» **Assigned task**
Copy out every line of the data exactly; do not include the images.

» **Dataset excerpt**

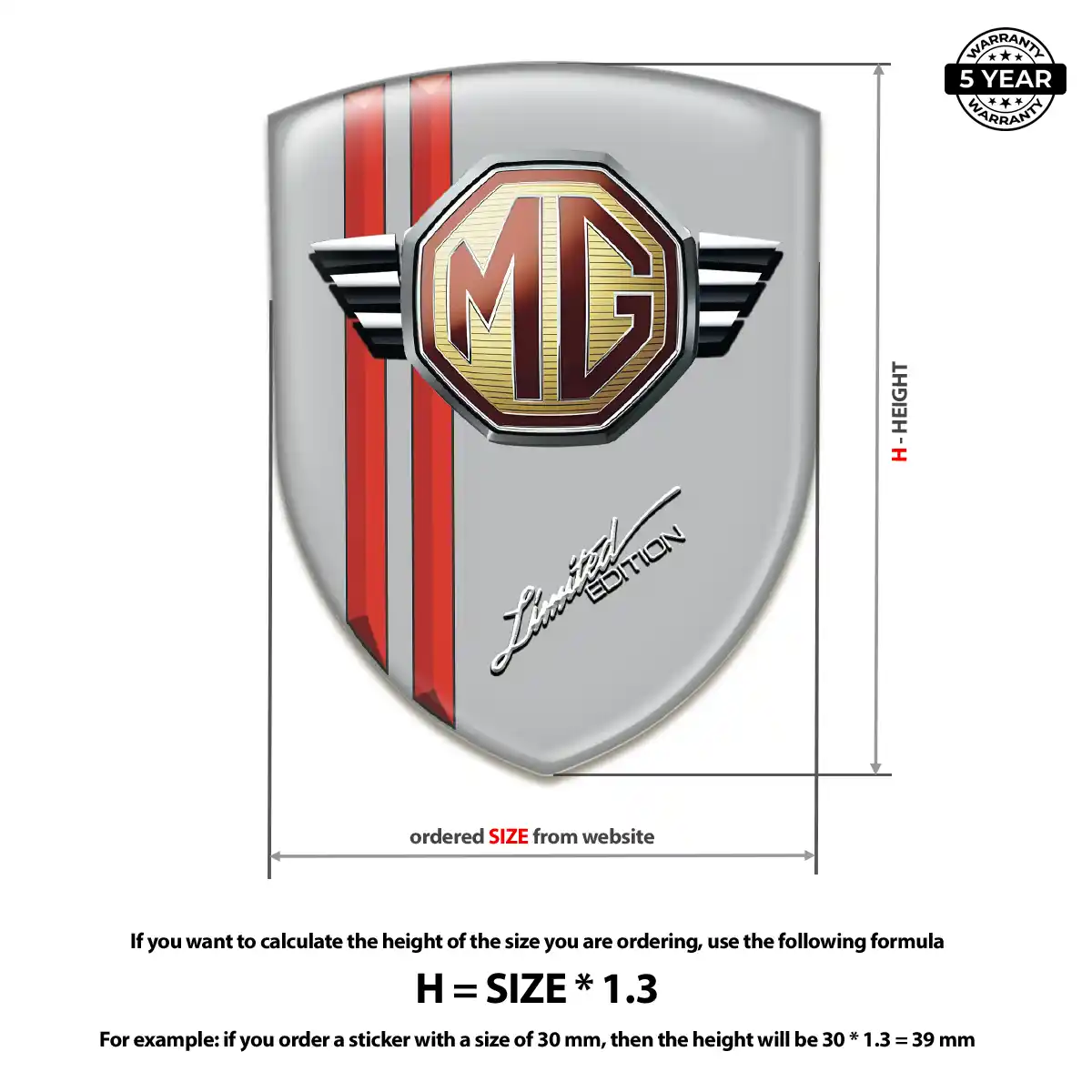 MG 3D Logo Sticker Signature Grade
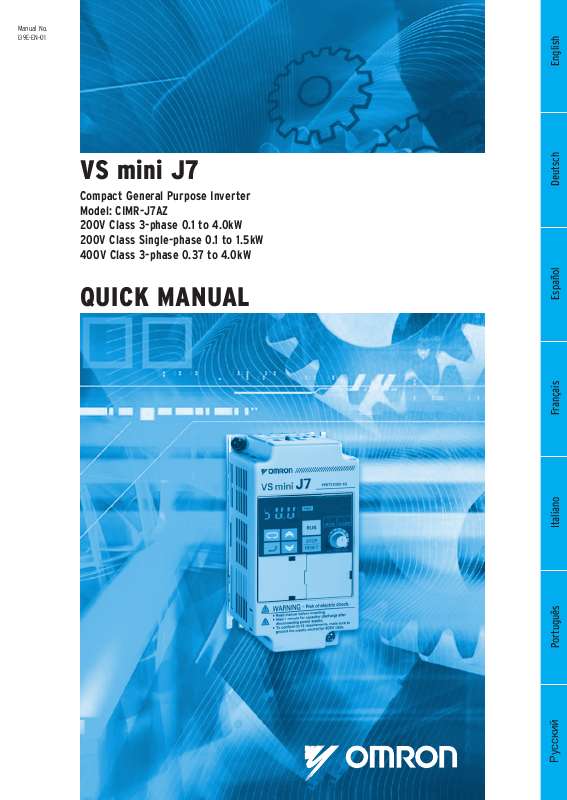 Guide utilisation  OMRON CIMR-J7AZ  de la marque OMRON
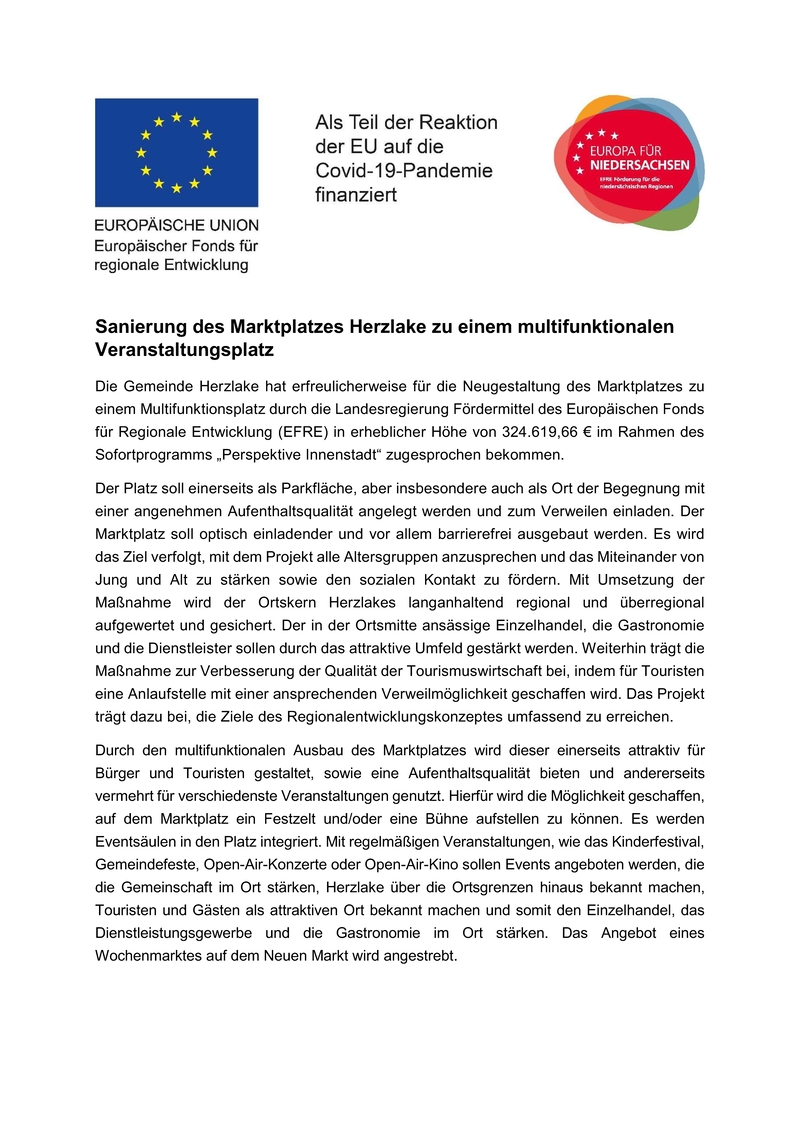 Sanierung des Marktplatzes Herzlake zu einem multifunktionalen Veranstaltungsplatz Sanierung des Marktplatzes Herzlake zu einem multifunktionalen Veranstaltungsplatz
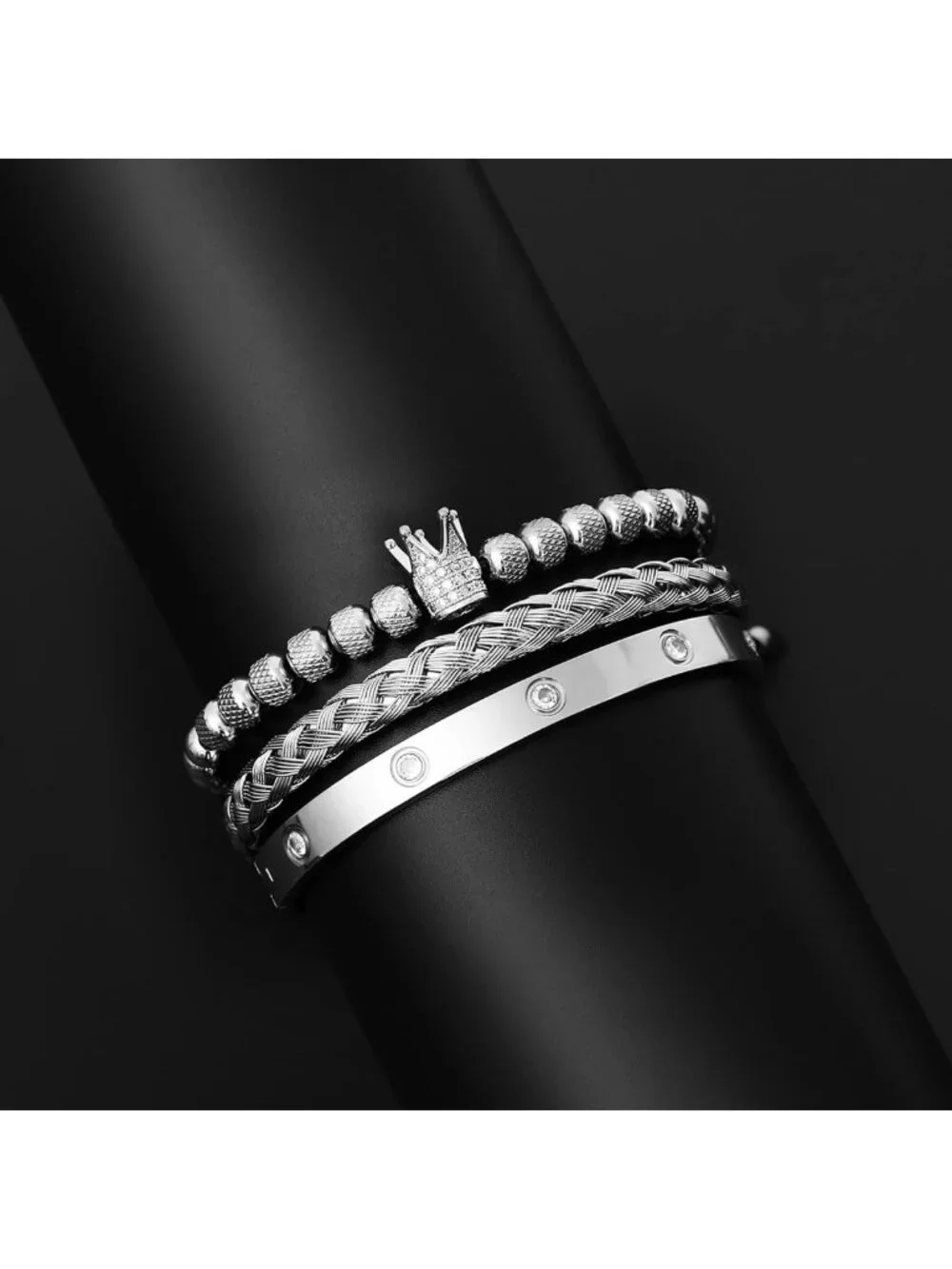 3PCS Gold Stainless Steel Crown Bracelets for Men - Adjustable Roman Numeral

» **Output for this task**
 MG 3D Logo Sticker Signature Grade
 Guide utilisation  OMRON CIMR-J7AZ  de la marque OMRON
 Sanierung des Marktplatzes Herzlake zu einem multifunktionalen Veranstaltungsplatz Sanierung des Marktplatzes Herzlake zu einem multifunktionalen Veranstaltungsplatz
 3PCS Gold Stainless Steel Crown Bracelets for Men - Adjustable Roman Numeral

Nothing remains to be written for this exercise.